Keeping PA Green and Beautiful February 7, 2017

Filed under: Uncategorized — newdomino @ 1:41 PM

There is an effort afoot to revive Growing Greener in Pennsylvania. What is Growing Greener 3.0 and why is it important to all citizens of our great commonwealth? This blog post will fill you in on some of the basic details. To learn more, visit http://pagrowinggreener.org/growing-greener-iii.
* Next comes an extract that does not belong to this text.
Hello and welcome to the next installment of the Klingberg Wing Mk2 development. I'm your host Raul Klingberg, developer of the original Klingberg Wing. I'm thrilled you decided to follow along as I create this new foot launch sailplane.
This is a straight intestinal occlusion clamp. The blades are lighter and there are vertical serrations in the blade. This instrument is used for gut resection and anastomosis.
What is Growing Greener III?

Growing Greener (GG) is a funding mechanism of the state legislature that has three goals:

  • conserve land and water resources
  • restore damaged waterways and land
  • create prosperous and sustainable communities

GG I and II did this from tipping fees on landfills and a voter-approved bond. But the funds from GG I have been diverted to pay the debt service on the GG II bonds, so little remains to pay for conservation and restoration work across the commonwealth. A new mechanism is needed – that’s where GG III comes in.

What will Growing Greener III Do Specifically?
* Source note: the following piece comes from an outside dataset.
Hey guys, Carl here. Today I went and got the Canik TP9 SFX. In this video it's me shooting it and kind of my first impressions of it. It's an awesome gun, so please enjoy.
GG III could accomplish so much for the health of our communities and the economy.

  • Nearly 26,000 miles of our streams and rivers are polluted and considered “impaired” – GG III could help restore these to swimmable, fishable quality.

  • There is a backlog of 1,500 farms that could be preserved through easements. The cost of these is estimated at $458 million. By preserving these farms we can encourage the next generation of farmers to stay on the land and provide agricultural resources to the rest of us.

  • There are more acres of abandoned mine lands in PA than any other state. The cost to clean up all these sites is estimated at as much as $15 billion – yes, with a B!

  • There’s quick a backlog of maintenance projects at parks across the state. GG III could help bring these parks back to life and create programs to encourage more young people to get outside.

That is just a small sampling of the need that exists and how GG III could help take care of these problems.

What Can You Do?

Growing Greener III is not a done deal. Our legislators need to hear from their constituents that you care about clean water, opportunities to recreate, and prosperous communities. This is especially important due to the tight state budget right now. Don’t let our environment suffer from legislative squabbling. Send them an email or give them a call and let them know you would like them to support Growing Greener II.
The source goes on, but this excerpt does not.